Between sets, we strolled the InCuya Marketplace, a collection of local craftsmen and vendors set up in stands on the side of the Lake Stage. While Tropidelic rolled through a set of funk-rock fusion, we tried on wood-paneled sunglasses from Plank Eyeware and floral headbands from Lush and Lovely Floristry, proving that Cleveland can do boho-chic just as well as Coachella. Other highlights included fragrant, natural body scrubs from Revival Body Care and Refresh Collective’s bright Cleveland T-shirts.
Of course, the main attraction was the music, and InCuya's second day undeniably delivered. Booker T. Jones exuded easy cool from behind his wood-paneled organ, joined on classics such as “Soul Limbo” and “Green Onions” by his son, Ted Jones, a guitar god who shredded his way through his father’s hits. Booker T. Jones, a 1992 Rock & Roll Hall of Fame inductee with his band the M.G.'s, shared nuggets from his career, included how he recorded the iconic “Green Onions” while he was still in high school. In fact, R&B had a strong, eclectic showing throughout many of Sunday’s sets, from rising artist Daniel Caesar, a 23-year-old sensual crooner who paired his gospel-inflected set with hazy videos of him throwing up the peace sign, to Tank and the Bangas, an impossibly energetic collective that fuses R&B with funk, spoken word, and sometimes, apparently, grunge. The magnetic group included a cover of “Smells Like Teen Spirit” in their over-too-soon set on the Lake Stage. Later, it seemed like the entire festival was singing along to hip-hop darling SZA’s odes to complicated relationships and ugly insecurities.
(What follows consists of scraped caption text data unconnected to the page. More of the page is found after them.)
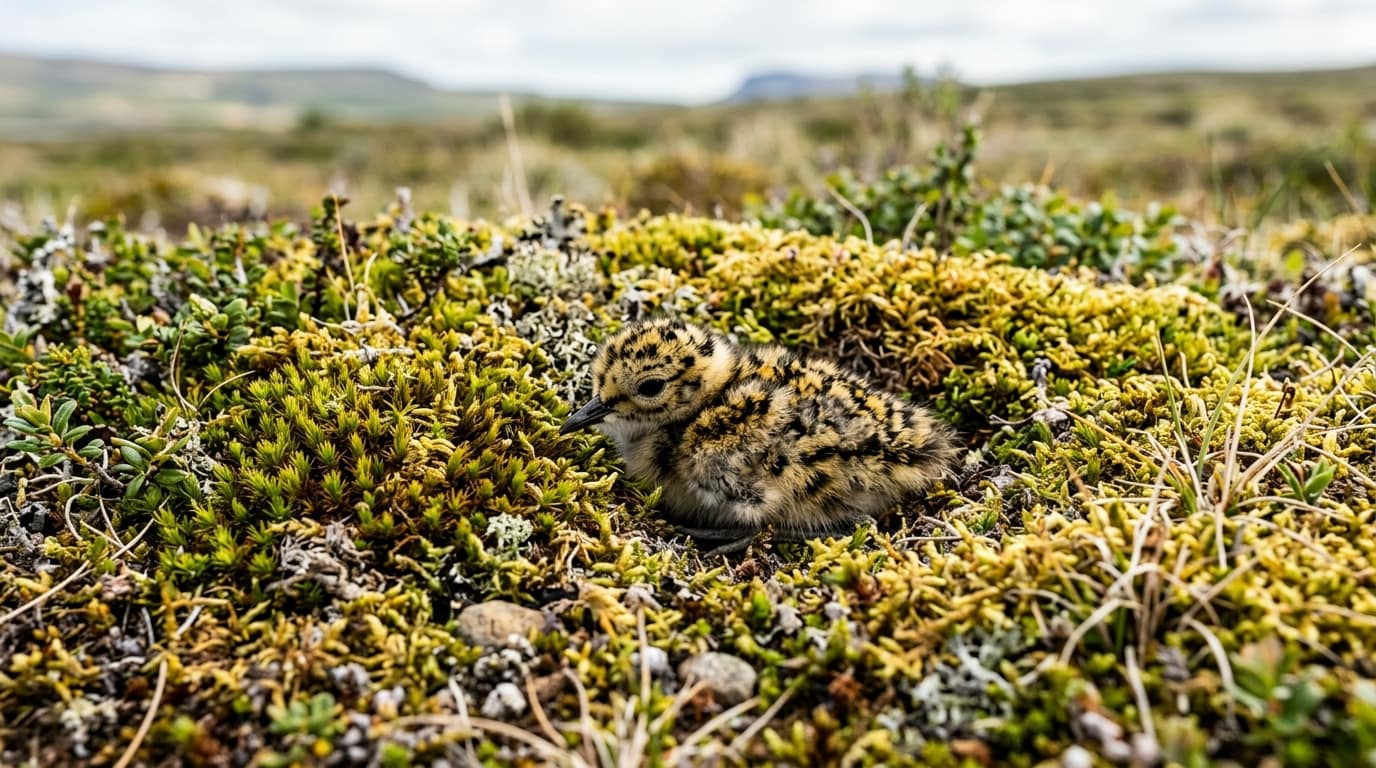 Golden Plover Chicks That Look Like Moss lead image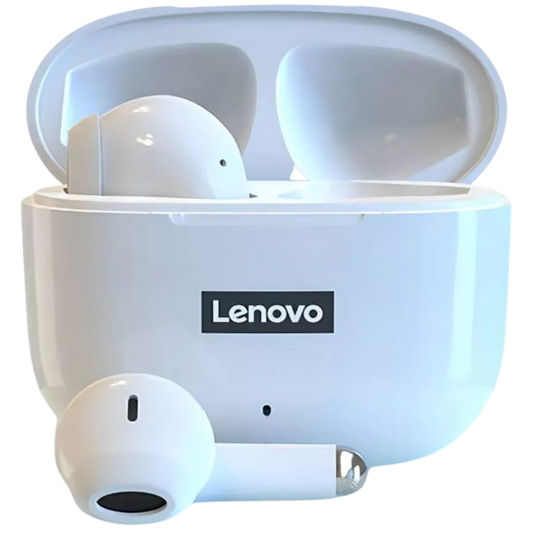 Audífonos Inalámbricos Lenovo LP40 Pro Blancos – Tecnología, Estilo y Rendimiento 🎧✨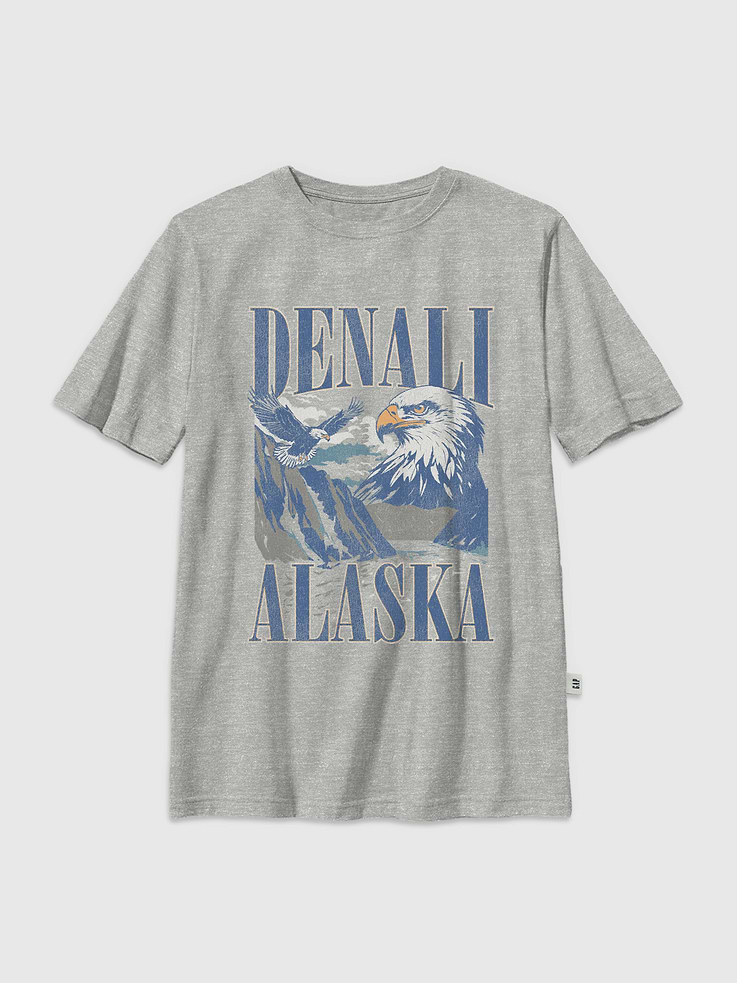 Image number 1 showing, Kids Denali Alaska Graphic T-Shirt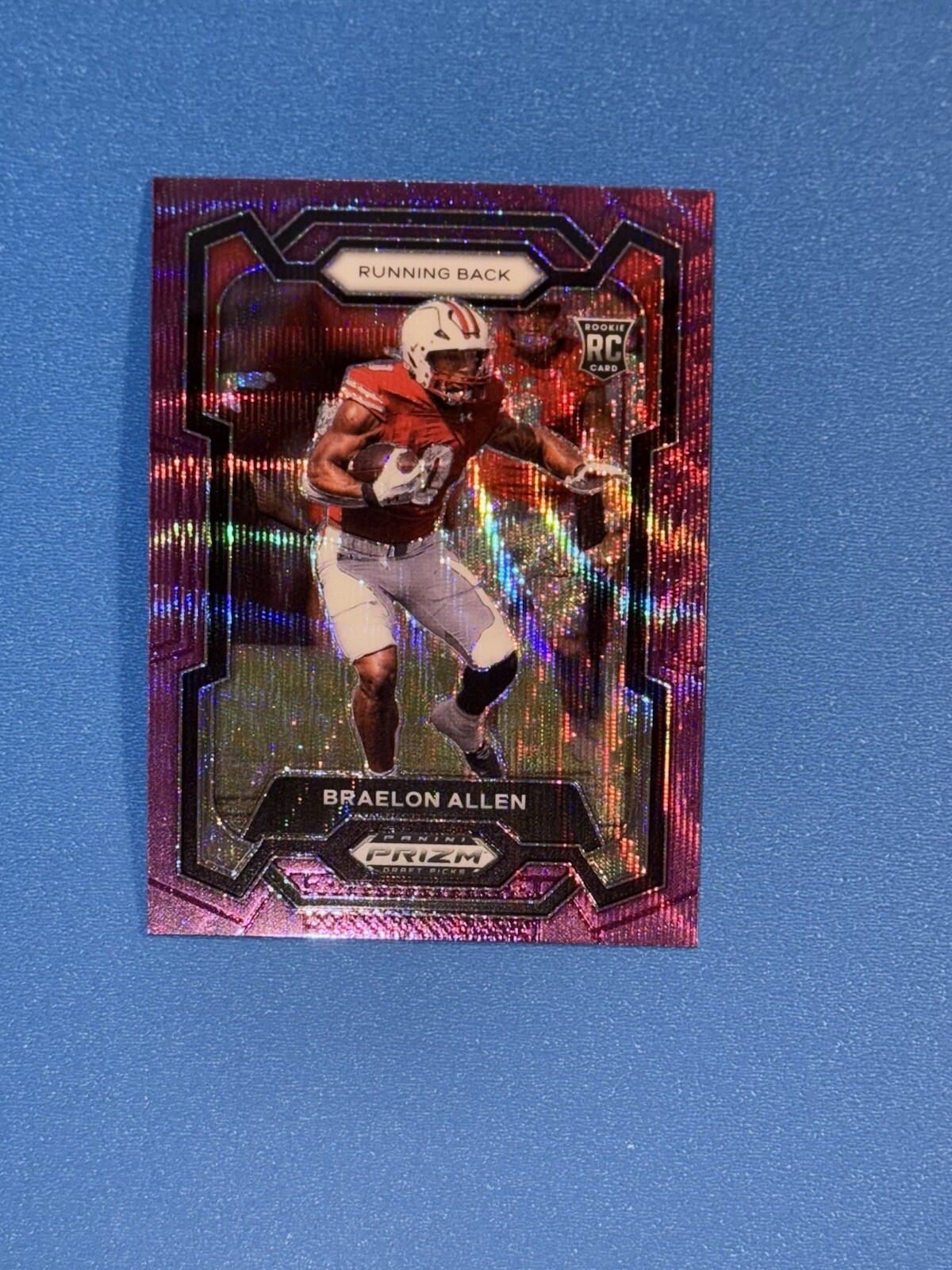 2024 Panini Prizm Draft Picks Purple Wave Prizm Braelon Allen Rookie RC #129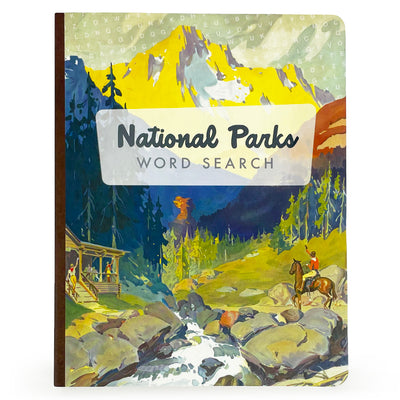 Cover Image for National Parks Word Search -- Parragon Books, Spiral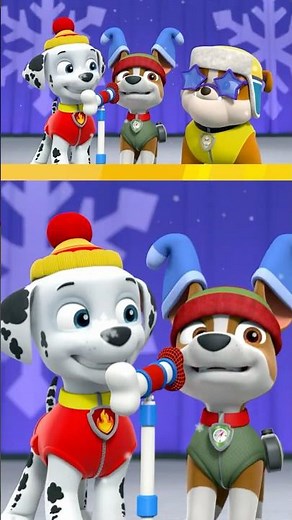 PAW Patrol winter holiday to the rescue! ❄️ #shorts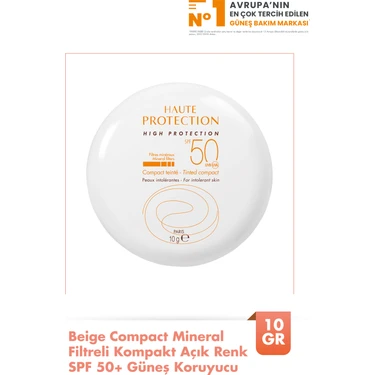 Avene Beige Compact Mineral Filtreli Açık Renkli SPF 50+ Cilt Tonu Eşitleyici Açık Renk Güneş Kremi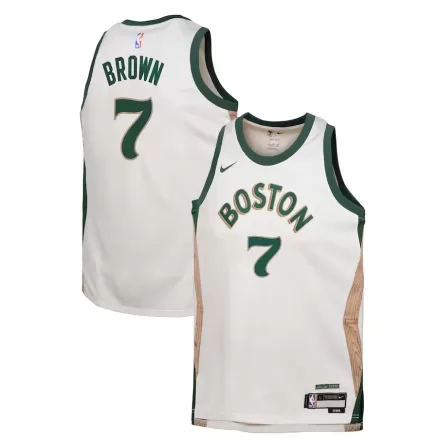 Kids's Jaylen Brown #7 Boston Celtics Swingman NBA Jersey - City Edition - buybasketballnow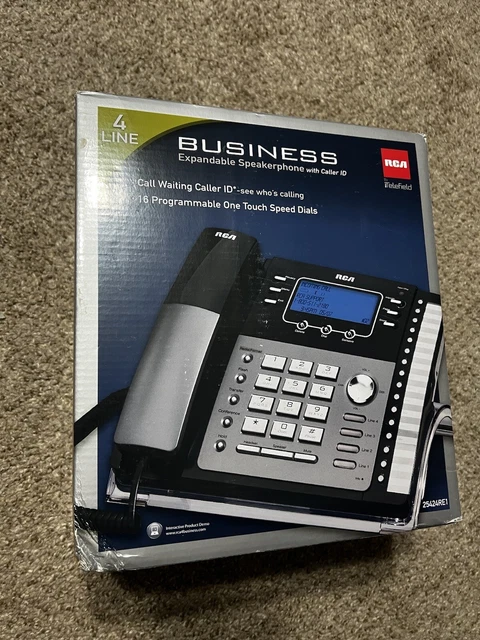 RCA VISYS 25424RE1A Corded Phone - Black/Silver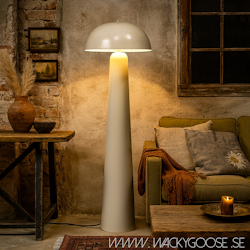 FUNGI Golvlampa, Beige
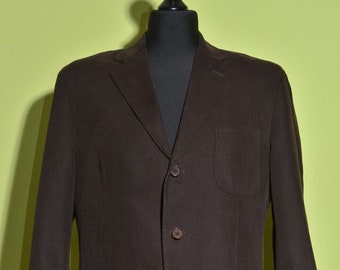 GANT Men&#39;s Brown Cotton 3Button Blazer Jacket Size EU48 UK38 US38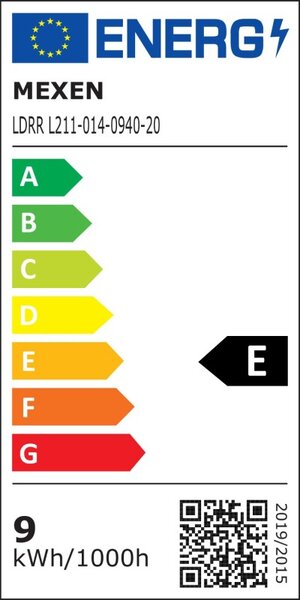 Mexen LDRR, Lampă de tavan încastrată LED 14 x 14 cm, 9W, neutru - 4000K, 990 lm, alb - L211-014-0940-20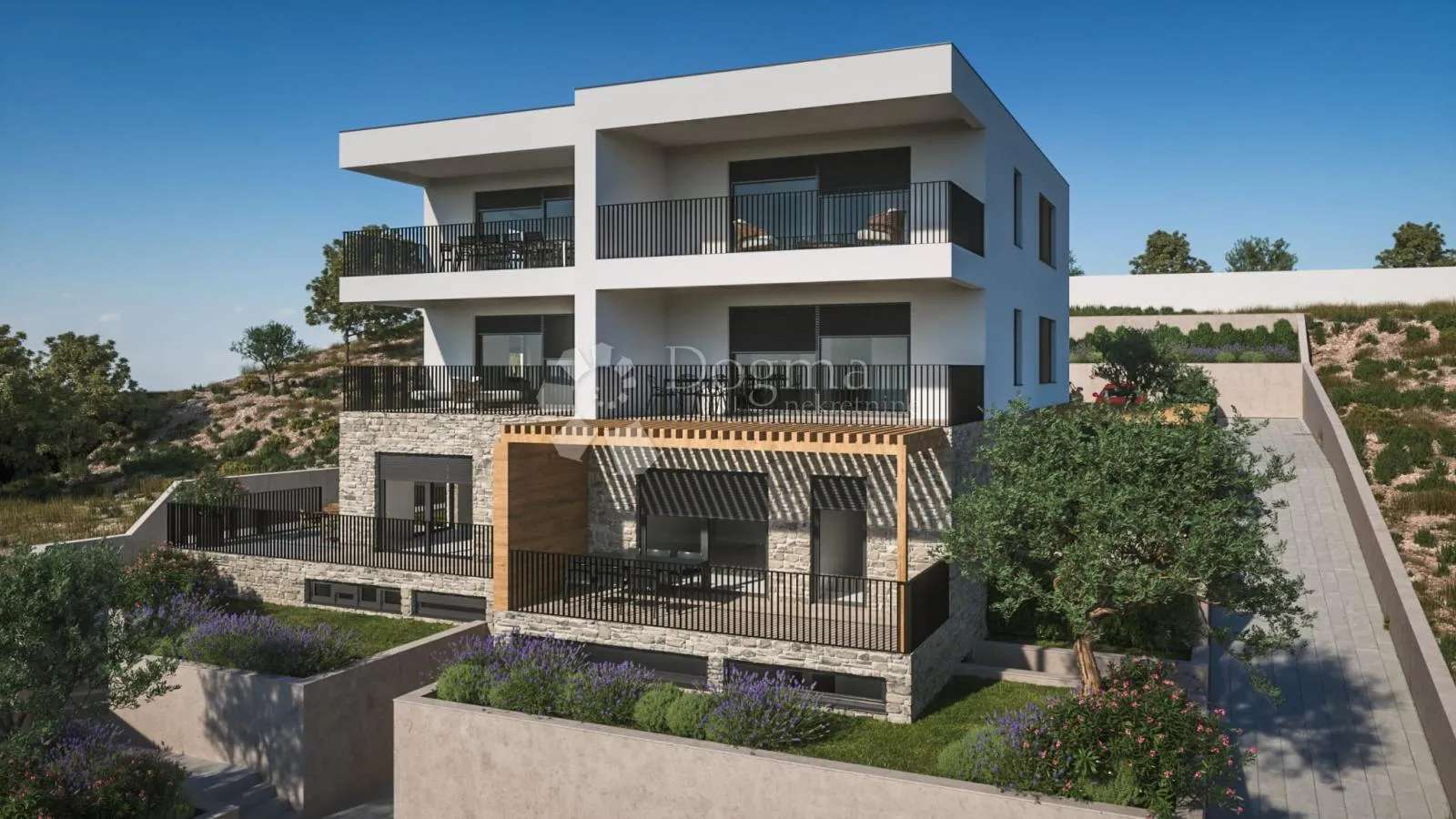 žaborić - novogradnja jednosoban apartman 130 m do plaže sa pogledom na more ap2 - slika 5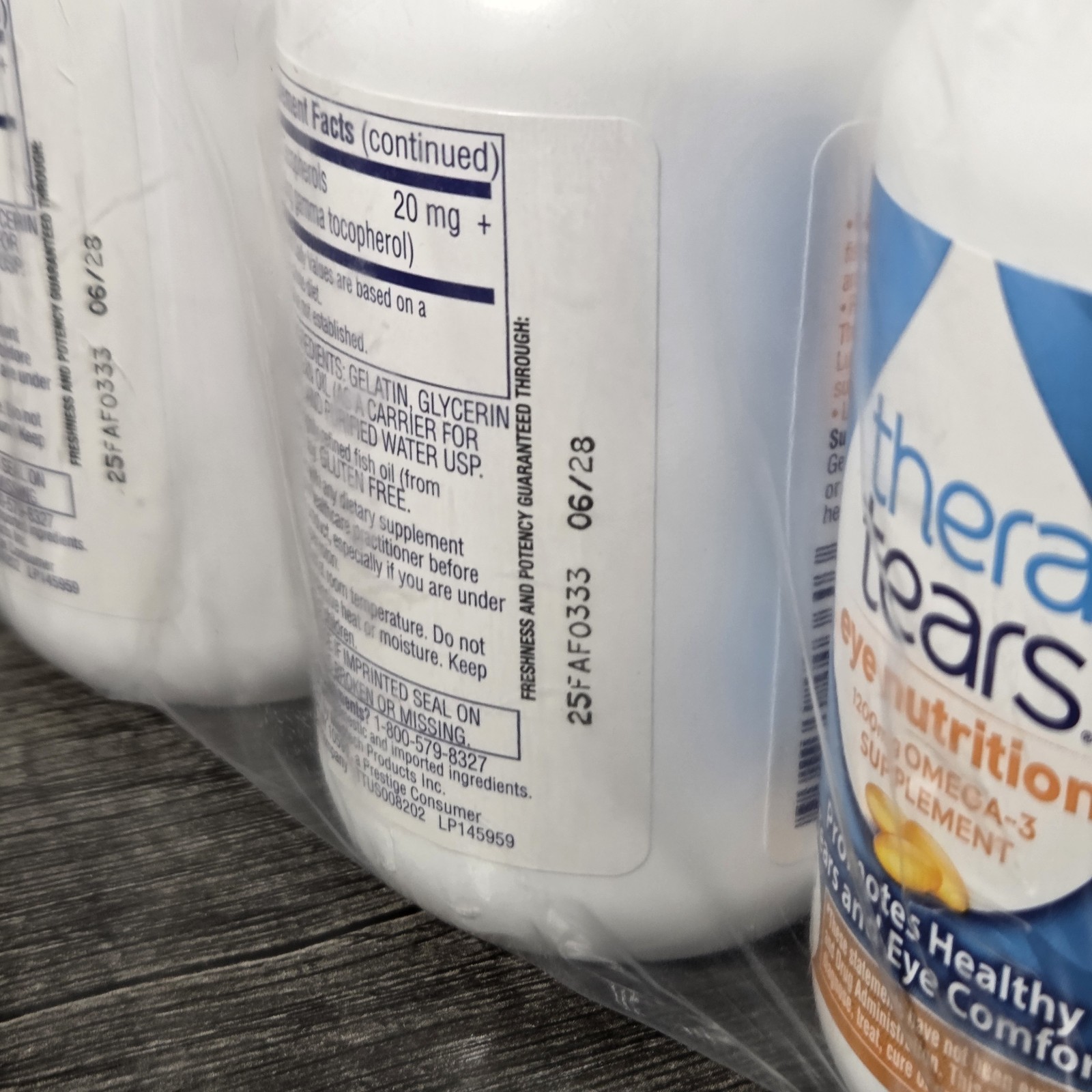 Thera Tears Eye Nutrition Dry Eye Relief Capsules 90 Capsule X 3 Packs Exp 06/28
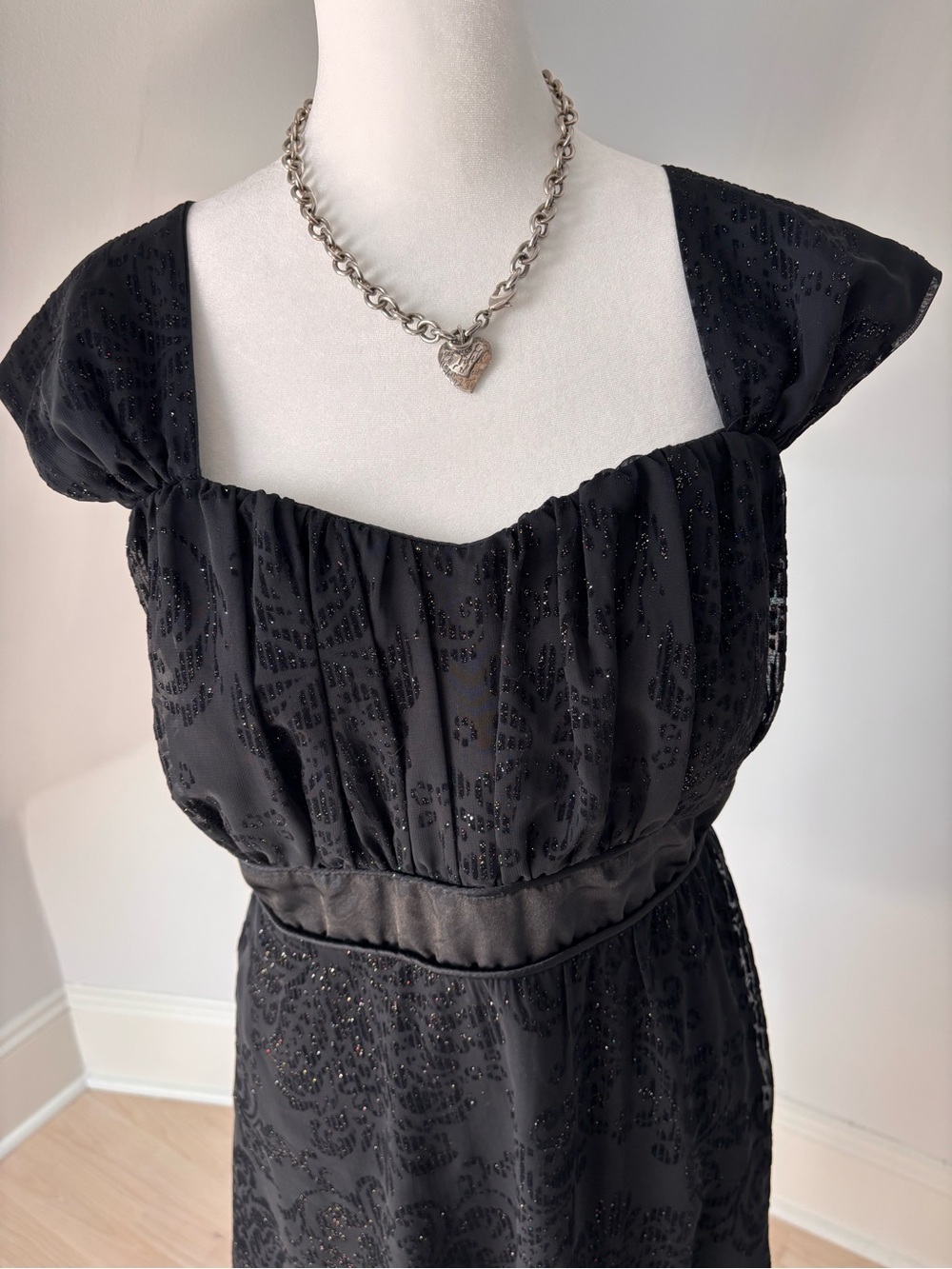 New Noir Black Babydoll Dress 🖤 - Picture 3 of 8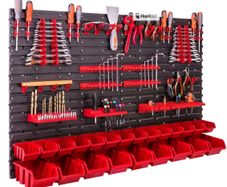 115 x 78 cm  23 Pieces Stacking Wall Shelf Storage system for Expandable Workshop Shelving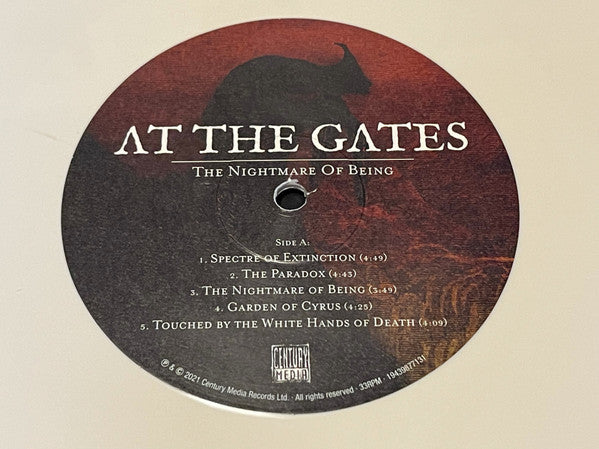 At The Gates : The Nightmare Of Being (LP,Album,Limited Edition)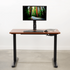 VIVO Electric 43” x 24” Stand Up Desk DESK-KIT-1B4D | Dark Walnut Table Top with Memory Preset Controller , Black Frame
The glowing, lime green-haired chanteuse gave a shout-out to Kevinee Gimore, the Cleveland activist who started the #FosterCare media campaign to bring awareness to foster care opportunities. Cleveland shone brightly in the coordinated dance moves of Tropidelic, a Sublime-indebted reggae-rock group that seemingly didn’t take a breath for the entirety of their half-rapped, half-sung set. Veteran quirk gods Cake debuted new song “Sinking Ship” during their early evening set, a politically toned wry rocker that preceded performances of hits such as “Never There,” “The Distance” and “Short Skirt/Long Jacket.” The night was capped by a rock star-level performance from the Avett Brothers, who played over an hour and came back for an encore. The siblings strong, frayed-edge harmonies cut through the night as they careened through folk-inflected hits such as “Kick Drum Heart” with all the force of a punk band. They slowed down for poignant ballads “I And Love And You” and “Murder In The City,” bracingly honest ruminations that left more than a few concertgoers (including this writer) in tears. As the crowds filed out of the Malls, it seemed the beginning of another Rock 'n’ Roll City tradition, one that once again proved our musical bonafides.